Volkskrankheit Diabetes: So können Sie sich schützen
Diabetes gilt als Volkskrankheit. Rund neun Millionen Menschen in Deutschland sind von zu hohen Blutzuckerwerten betroffen. Dabei kann das körpereigene Hormon Insulin, das Zucker aus dem Blut in die Körperzellen schleust, nicht richtig wirken oder fehlt ganz. Die „Zuckerkrankheit“ steht im Zusammenhang mit Herz-Kreislauf-Erkrankungen und kann zu Gefäß- und Nervenschädigungen führen. Im Gespräch mit dem Evangelischen Pressedienst (epd) gibt der Diabetologe Lars Köthe vom Evangelischen Krankenhaus in Göttingen Tipps, um der Krankheit vorzubeugen.
epd: Herr Köthe, wie entwickeln sich die Diabetes-Zahlen?
Lars Köthe: Die Anzahl der Diabetes-Patienten hat in den letzten Jahren weltweit kontinuierlich zugenommen. Von 2000 bis 2021 ist die Zahl von 151 Millionen auf 537 Millionen Betroffene gestiegen.
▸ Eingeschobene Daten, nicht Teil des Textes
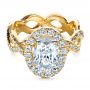 18k Yellow Gold 18k Yellow Gold Custom Halo Engagement Ring - Flat View -  1390 - Thumbnail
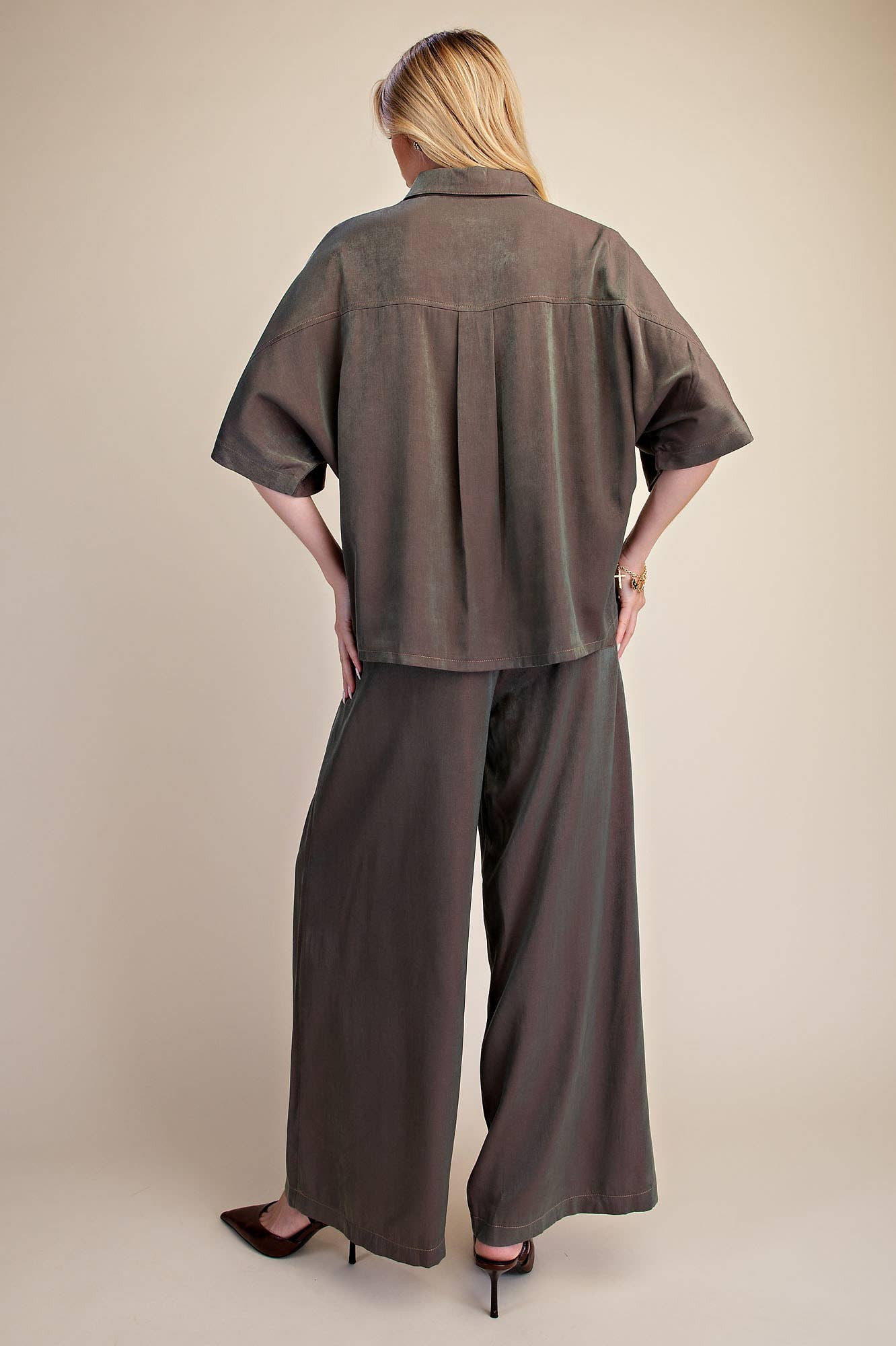 Button Down Flowy Shirt With Dolman Sleeve & Drawstring Wide Leg Pants Set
Die „International Diabetes Federation“ rechnet für den Zeitraum bis 2045 um eine weitere Zunahme auf 783 Millionen betroffene Menschen weltweit. Auch in Deutschland steigt die Zahl kontinuierlich. Jeder vierte bis fünfte Patient, der in Deutschland in einer Klinik aufgenommen wird, hat die Nebendiagnose Diabetes mellitus. Dabei handelt es sich zum überwiegenden Teil – rund 92 Prozent – um Diabetes Typ 2.
epd: Wie kann ich Diabetes vorbeugen?
Köthe: Das kommt auf die unterschiedlichen Diabetes-Typen an. Typ 1 kann man bisher nicht gezielt vorbeugen, da er durch genetische Einflüsse, autoimmunologische Einflüsse und Umwelteinflüsse entsteht.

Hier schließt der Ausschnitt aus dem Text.